Des rabbins représentant les douze tribus d’Israël se rassemblent à la tombée de la nuit dans le cadre extravagant du cimetière juif de Prague. Ils mettent au point le plan par lequel ils entendent assujettir le monde entier en mettant la main sur la finance, l’éducation, les journaux et tous les lieux de pouvoir. Un témoin établit des procès verbaux de leurs délibérations, qu’il classifie et ordonne : des protocoles. Leur recueil est publié en 1905 en Russie sous le nom des « Protocoles des Sages de Sion ». En 1921, le London Times établira qu’il s’agit d’un faux, ce qui n’empêchera pas la publication de nouvelles éditions « authentiques » en de multiples langues. Hitler écrira dans Mein Kampf : « lorsque ce livre deviendra patrimoine commun de tout le peuple, on pourra considérer le péril juif comme éliminé ».

Comment cette invraisemblable fable a-t-il pu voir le jour ? Umberto Eco nous raconte l’histoire de l’Europe et de la France au dix-neuvième siècle, et en particulier la montée de l’anti-judaïsme et de l’anti-maçonnisme. Il nous prévient que les acteurs de cette histoire ont réellement existé et qu’ils ont effectivement fait et dit ce que le roman relate. La fiction se concentre sur un personnage, le Capitaine Simone Simonini, né à Turin d’une famille catholique et anti-sémite, éduqué par un précepteur jésuite. Agé de 77 ans en 1897, il rédige son journal et raconte son existence peu banale.

De son éducation jésuite, le Capitaine a gardé le goût des complots, le sens de la duplicité et de la manipulation, la primauté de la fin sur les moyens. De sa première expérience professionnelle auprès d’un notaire turinois véreux, il a conservé un talent inimitable pour produire de faux documents. Inhibé en présence des femmes, il aime la bonne chère et adore l’argent.

Ses talents de faussaire le font repérer par les services secrets du Roi du Piémont. A leur service, il infiltre les Carbonari, puis les Garibaldiens pendant la marche des « Mille » en Sicile. Devenu encombrant, il s’exile à Paris et collabore avec les services secrets de l’Empereur Napoléon III puis, après la défaite de 1870 et le massacre des Communards, ceux de la Troisième République. Il n’hésite pas à fomenter de faux attentats et à faire envoyer ses amis conjurés à la mort ou au bagne.
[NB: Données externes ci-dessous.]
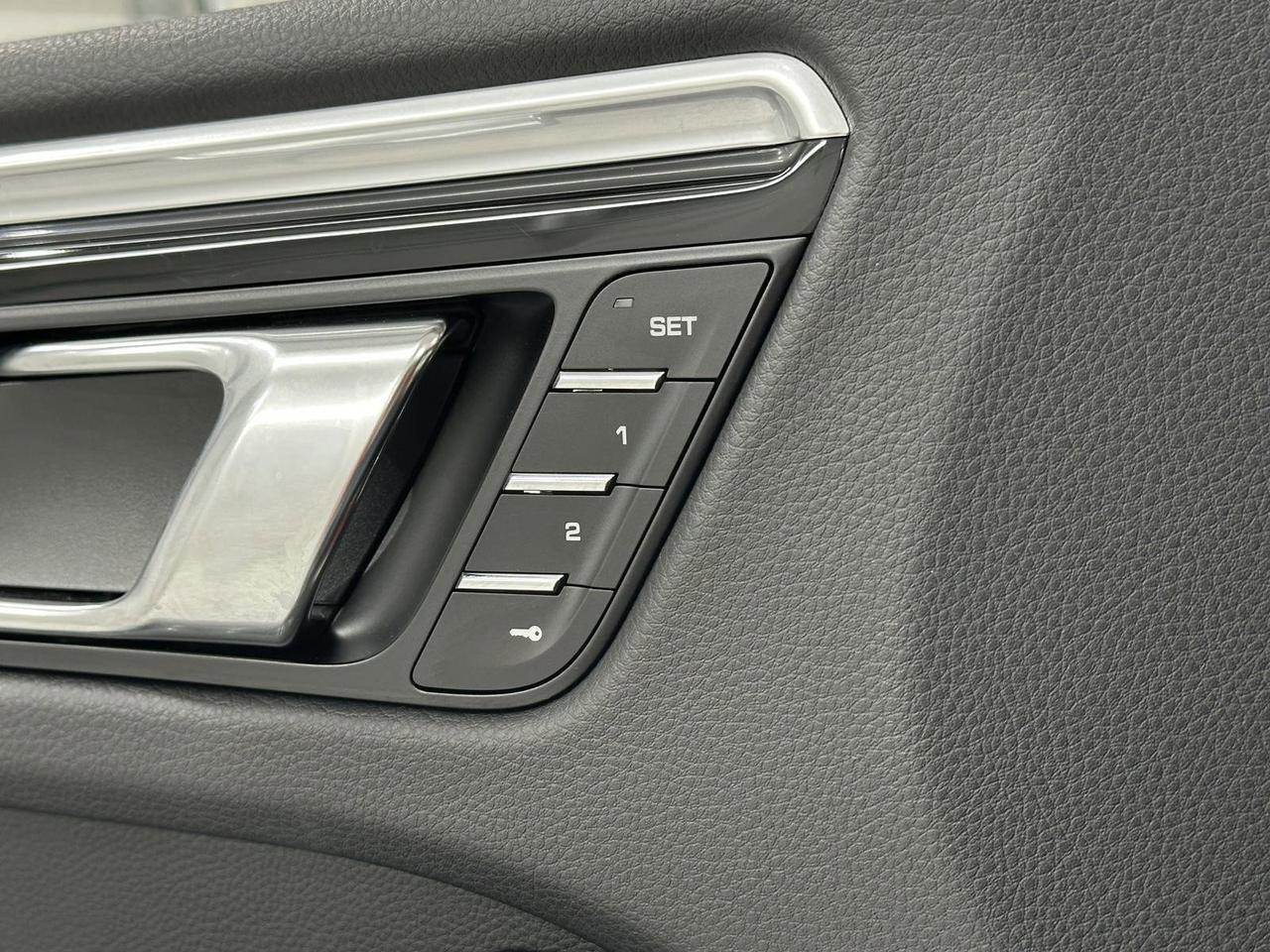 2024 Porsche Macan S Newark DE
C’est d’ailleurs une caractéristique de Simonini : il n’hésite pas à tuer ceux qui peuvent représenter un danger pour lui, quitte à déposer leur corps dans les égouts qui circulent sous son immeuble au Quartier Latin.

Pour Simonini, l’antisémitisme n’est pas seulement une haine ancienne, c’est une bonne affaire. Il gagnera beaucoup d’argent en fabriquant le faux bordereau qui accusera Alfred Dreyfus. Apres avoir enfourché le cheval de bataille de la dénonciation d’un complot mondial des Francs-maçons, il s’inspire de livres déjà publiés pour révéler au public un complot plus ambitieux encore, celui des Juifs. Le fonds de commerce potentiel est immense : les Catholiques s’en prennent au peuple déicide ; les socialistes à la finance juive. A Paris, la Libre Parole de Drumont en appelle déjà à une « solution finale ».

Simonini accumule les matériaux des Protocoles peu à peu, au long de dizaines d’années. Il avait d’abord imaginé le décor du cimetière de Prague pour un complot des Jésuites ; aux Francs Maçons, il impute les rites diaboliques ; à la presse catholique, il emprunte l’idée d’une conspiration mondiale pour imposer le pouvoir juif. En novembre 1898, il remet aux services secrets russes le document « authentique » qui deviendra l’une des plus grandes falsifications de l’histoire, avec de terribles conséquences.

On retrouve dans Le Cimetière de Prague le faisceau mêlé de faits historiques et de complots fantasmés qui avait fait le succès du Pendule de Foucault. Le drame du Cimetière de Prague, c’est que le complot nourri au dix-neuvième siècle par des esprits malades et des affairistes s’est transformé au vingtième siècle en Auschwitz et Treblinka.